A.R. Penck, Rites de passage

Ouver­tures

Olivier Kaep­pe­lin une fois de plus fait preuve d’ambition par ses choix. Il pré­sente celui qui reste l’alter ego des grands artistes alle­mands de la fin du siècle der­nier ou du nou­veau mil­lé­naire : Georg Base­litz, Mar­kus Lüpertz, Sig­mar Polke, Jörg Immen­dorff. Né en 1939 à Dresde, il s’est ins­tallé dans l’ex R.F.A en 1980 près de Cologne et son tra­vail est mar­qué méta­pho­ri­que­ment par le cou­pure de l’Allemagne. Kaep­pe­lin a choisi un parti pris capi­tal : pein­tures, sculp­tures, des­sins, estampes et livres d’artistes sont pré­sen­tés de manière « tem­po­relle » afin de mettre en exergue les dif­fé­rents moments esthé­tiques de l’œuvre et les rai­sons exis­ten­tielles de cette évo­lu­tion.
L’artiste trouve natu­rel­le­ment sa place dans la Fon­da­tion vouée au « culte » néces­saire à Miro et Gia­co­metti dont A. R. Penck se sent proche : le pre­mier pour l’envol de ses des­sins, le second pour la puis­sance exis­ten­tielle et atem­po­relle de la vision de l’homme. Proche — du moins en appa­rence — de l’art pri­mi­tif ou brut, ce tra­vail annonce l’art du graf­fiti et se rap­proche mais avec plus de pro­fon­deur phi­lo­so­phique d’un Keith Haring ou un Jean-Michel Bas­quiat.  Le lan­gage de A.R. Penck est à la fois plus pro­fond et on dira même « sérieux » mais néan­moins jubi­la­toire là où la pro­fon­deur humaine est sou­mise à une cho­ré­gra­phie. Elle mêle le cata­clysme et une cer­taine jouis­sance. Le tout dans la recherche d’un espace que l’œuvre ouvre et explore.

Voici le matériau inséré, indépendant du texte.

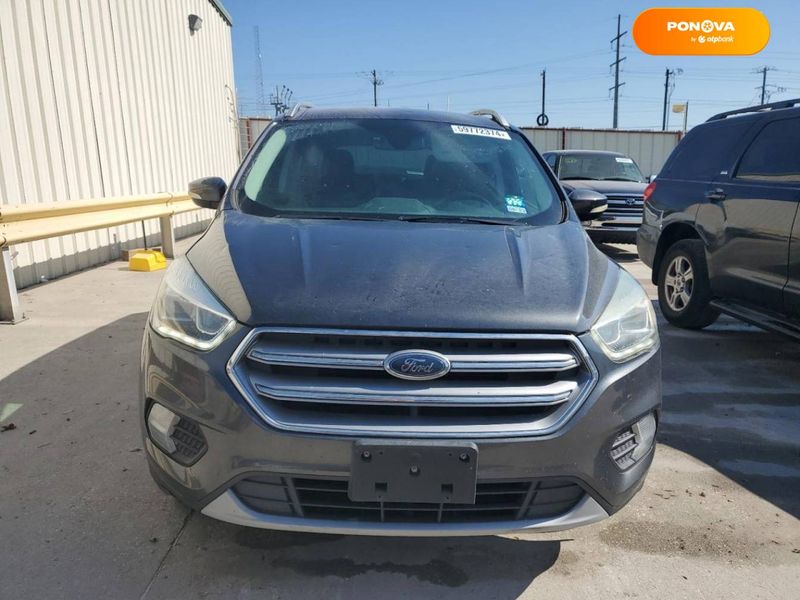 Ford Escape, 2017, Бензин, 2 л., 128 тис. км, Позашляховик / Кросовер, Сірий, Івано-Франківськ Cars-EU-US-KR-108662 фото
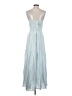Splendid Blue Casual Dress Size XS - photo 2
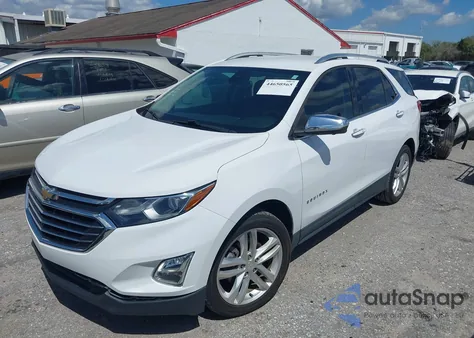 2019 Chevrolet Equinox Premier z USA, uszkodzony, nr VIN 3GNAXPEX1KL330502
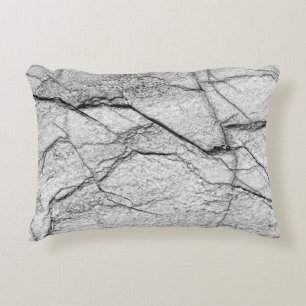 Coussins Décoratifs Marbre Gris Concret Tacheté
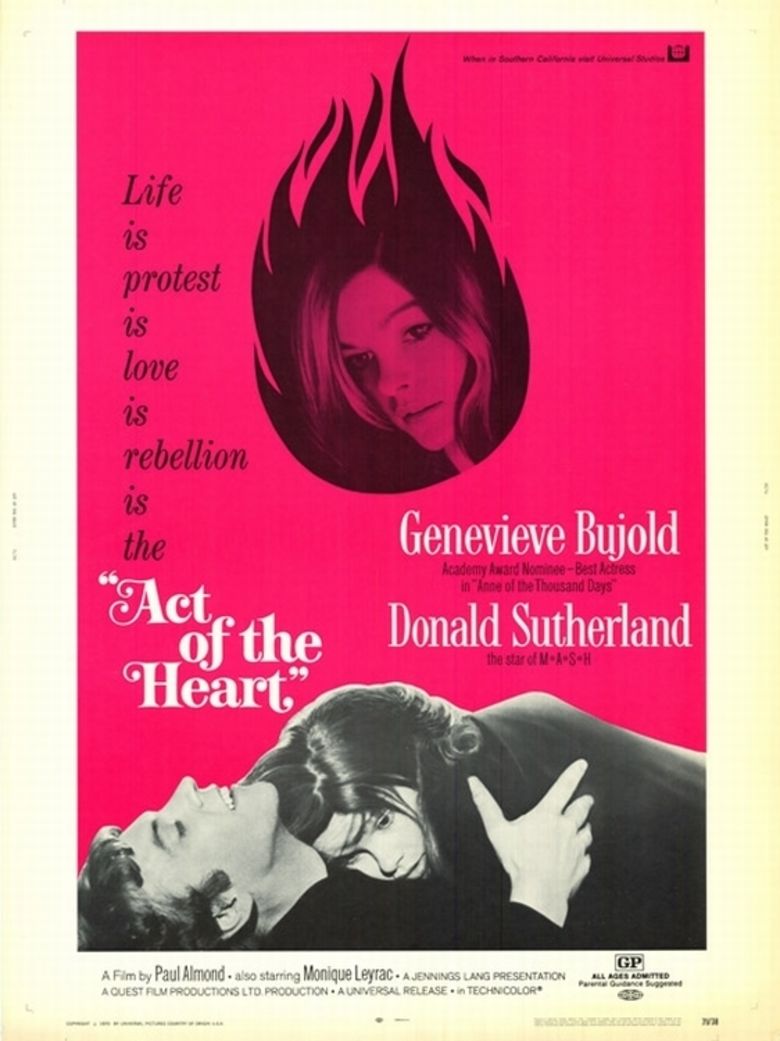 The Act of the Heart movie poster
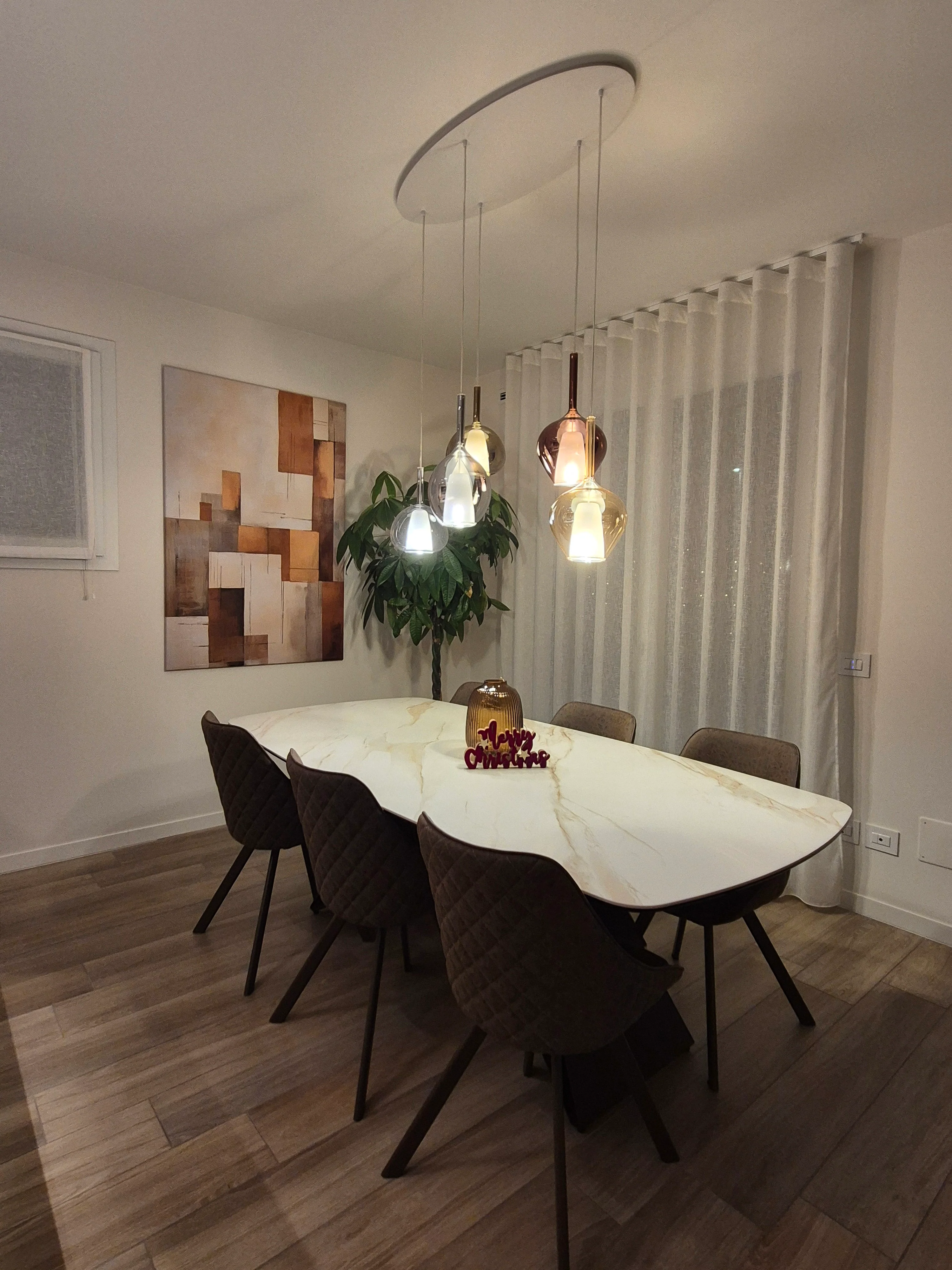 Sospensione Flower - Metal - Image 5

Le pri­vi­lège de l’art du créa­teur tient à la pos­si­bi­lité d’accorder au regard le moyen de tra­hir ses illu­sions d’optique. Le pouls de l’Histoire n’est jamais loin. Jaillit une force directe du mar­quage de visages et des sil­houettes Ils semblent igno­rer l’usure des ans et brouillent les temps. Si bien que le regar­deur devient plus jeune face à des visages qui prouvent que le natu­ra­lisme en art n’a rien de solide et convain­cant. L’effet dra­ma­tique de l’art passe par une autre décli­nai­son. Ce qui n’empêche pas de recueillir en chaque être (ou son frag­ment) une éner­gie.
Elle se construit par l’urgence que l’œuvre porte en elle avec la vio­lence faus­se­ment cari­ca­tu­rale ou pri­mi­tive des crayon­nages et des pein­tures. Le corps est pris ou agité par un ensemble de traits basiques. Ver­ti­ca­lité, immo­bi­lité éclatent dans une den­sité et un cha­ri­vari de direc­tions et d’opposition. L’œuvre crée une ten­sion forte, loin de la psy­cho­lo­gie banale. Elle est rem­pla­cée par une carac­té­ri­sa­tion abrupte de l’homme. De l’ensemble sur­git une mai­son de l’être bien plus com­plexe qu’il n’y paraît.

De telles « réduc­tions » cor­po­relles fas­cinent par ce qu’elles irra­dient grâce à la pein­ture et au mys­tère de l’aura qu’elle dégage non sans iro­nie acerbe. A ce titre, il existe tou­jours chez A. R. Penck une volonté impli­cite de chan­ger le monde, de s’opposer à tout nihi­lisme sans pour autant oublier les affres du passé. Formes et cou­leurs marquent une volonté de pré­sence contre vents et marées de l’Histoire. Si bien que la dou­leur se mêle à la joie.
D’où le désir de mettre en forme, de créer par delà l’état tra­gique dio­ny­sien mais en en tenant compte. Se découvre une pro­fon­deur d’être et de vie dans un tra­vail qui ne cesse de « grat­ter » la même veine. Par effet de plat, de la pein­ture sur­git une voca­tion pers­pec­ti­viste là où le corps devient l’espoir d’une sur-vie ici même, un sur­croît d’être. La pein­ture reste un mou­ve­ment trans­for­ma­tion­nel et opé­ra­toire. Elle rejoint les « rêve­ries de la volonté » que Bache­lard appe­lait de ses vœux.

jean-paul gavard-perret

A.R. Penck, Rites de pas­sage, Fon­da­tion Maeght, St Paul de Vence, du 18 mars au 18 juin 2017,
Cata­logue avec des textes de A.R. Penck, Danièle Cohn, Oli­vier Kaep­pe­lin et Adrien Maeght.